On Fri, 18 Mar 2005 22:33:19 -0800, Brion Vibber <brion(a)pobox.com> wrote:
Just a reminder of work in progress and general
background, for those
who might be commenting without being aware of present work...
First, in MediaWiki 1.5 we've made a major schema change, intended to
reduce the number of changes to data rows that have to be made and to
slim down the amount of data that has to be pulled per-row when scanning
non-bulk-text metadata.
Specifically, the 'cur' and 'old' tables are being split into
'page',
'revision', and 'text'. Lists of pages won't be trudging through
large
page text fields, and operations like renames of heavily-edited pages
won't have to touch 15000 records. This will also give us the potential
to move the bulk text to a separate replicated object store to keep the
core metadata DBs relatively small and limber (and cacheable).
Talk to icee in #mediawiki if interested in the object store; he's
working on a prototype for us, to use for image uploads and potentially
bulk text storage.
Second, remember that each wiki's database is independent. It's very
likely that at some point we'll want to split out some of the larger
wikis to separate master servers; aside from localizing disk and cache
utilization, this could provide some fault isolation in that a failure
in one master would not affect the wikis running off the other master.

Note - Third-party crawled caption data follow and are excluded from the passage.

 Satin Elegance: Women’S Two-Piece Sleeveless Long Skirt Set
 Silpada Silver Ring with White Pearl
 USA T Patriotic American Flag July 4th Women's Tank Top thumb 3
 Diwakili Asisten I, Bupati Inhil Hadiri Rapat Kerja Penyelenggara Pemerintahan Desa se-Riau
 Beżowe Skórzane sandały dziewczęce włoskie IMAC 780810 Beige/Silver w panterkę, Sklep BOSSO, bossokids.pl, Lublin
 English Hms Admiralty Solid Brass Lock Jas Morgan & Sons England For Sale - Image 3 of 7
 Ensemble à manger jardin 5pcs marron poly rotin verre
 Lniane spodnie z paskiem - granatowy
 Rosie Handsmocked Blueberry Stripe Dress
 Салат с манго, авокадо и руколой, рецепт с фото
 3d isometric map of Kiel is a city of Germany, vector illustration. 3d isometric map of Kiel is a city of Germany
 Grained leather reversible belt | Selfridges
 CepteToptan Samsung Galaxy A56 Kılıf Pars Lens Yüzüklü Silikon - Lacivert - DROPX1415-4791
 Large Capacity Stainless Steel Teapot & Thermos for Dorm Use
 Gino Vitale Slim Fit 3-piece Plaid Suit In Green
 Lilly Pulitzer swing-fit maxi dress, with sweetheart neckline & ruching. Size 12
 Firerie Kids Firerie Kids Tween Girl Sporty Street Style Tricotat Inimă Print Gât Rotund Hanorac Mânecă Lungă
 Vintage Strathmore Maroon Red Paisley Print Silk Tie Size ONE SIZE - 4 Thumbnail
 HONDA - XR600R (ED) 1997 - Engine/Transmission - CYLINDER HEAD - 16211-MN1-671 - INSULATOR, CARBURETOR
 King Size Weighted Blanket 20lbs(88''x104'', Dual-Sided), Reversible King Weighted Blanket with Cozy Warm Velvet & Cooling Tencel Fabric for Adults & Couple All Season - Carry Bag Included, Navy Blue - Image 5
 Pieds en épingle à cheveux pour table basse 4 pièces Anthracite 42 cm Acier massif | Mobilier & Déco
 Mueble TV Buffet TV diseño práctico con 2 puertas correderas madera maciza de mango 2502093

Third, we're expecting to have at least two new additional data centers
soon in Europe and the US. Initially these are probably going to be
squid proxies since that's easy for us to do (we have a small offsite
squid farm in France currently in addition to the squids in the main
cluster in Florida) but local web server boxen pulling from local slaved
databases at least for read-only requests is something we're likely to
see, to move more of the load off of the central location.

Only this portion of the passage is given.